> [Materials provided]
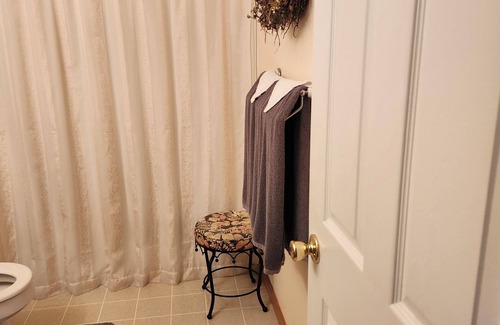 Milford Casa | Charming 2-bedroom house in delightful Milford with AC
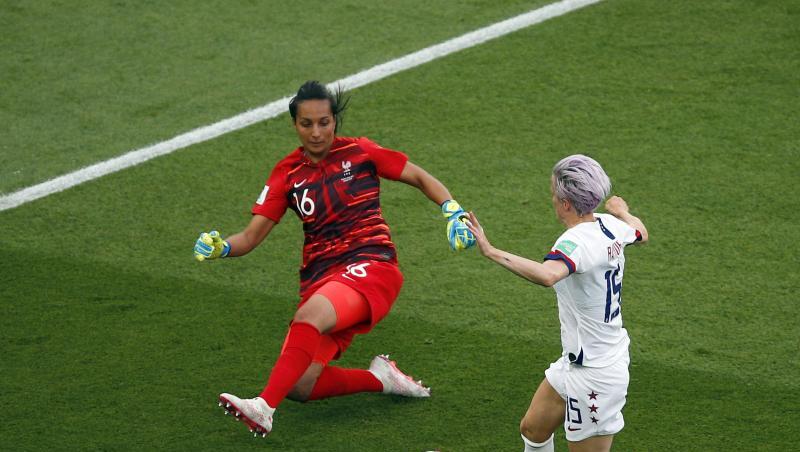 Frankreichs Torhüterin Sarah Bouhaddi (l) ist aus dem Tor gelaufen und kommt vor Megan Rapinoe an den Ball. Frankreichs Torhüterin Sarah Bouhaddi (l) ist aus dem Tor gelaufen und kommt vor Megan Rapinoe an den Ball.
...
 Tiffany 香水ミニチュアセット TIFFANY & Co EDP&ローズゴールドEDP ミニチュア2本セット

> [Task instructions] Reproduce, exactly and only, the lines of the records above starting at the line with "Milford Casa |" and ending at the line with "den Ball. Frankreichs", both included. Leave every picture out.

> [Output for this exercise]
 Milford Casa | Charming 2-bedroom house in delightful Milford with AC
 Frankreichs Torhüterin Sarah Bouhaddi (l) ist aus dem Tor gelaufen und kommt vor Megan Rapinoe an den Ball. Frankreichs Torhüterin Sarah Bouhaddi (l) ist aus dem Tor gelaufen und kommt vor Megan Rapinoe an den Ball.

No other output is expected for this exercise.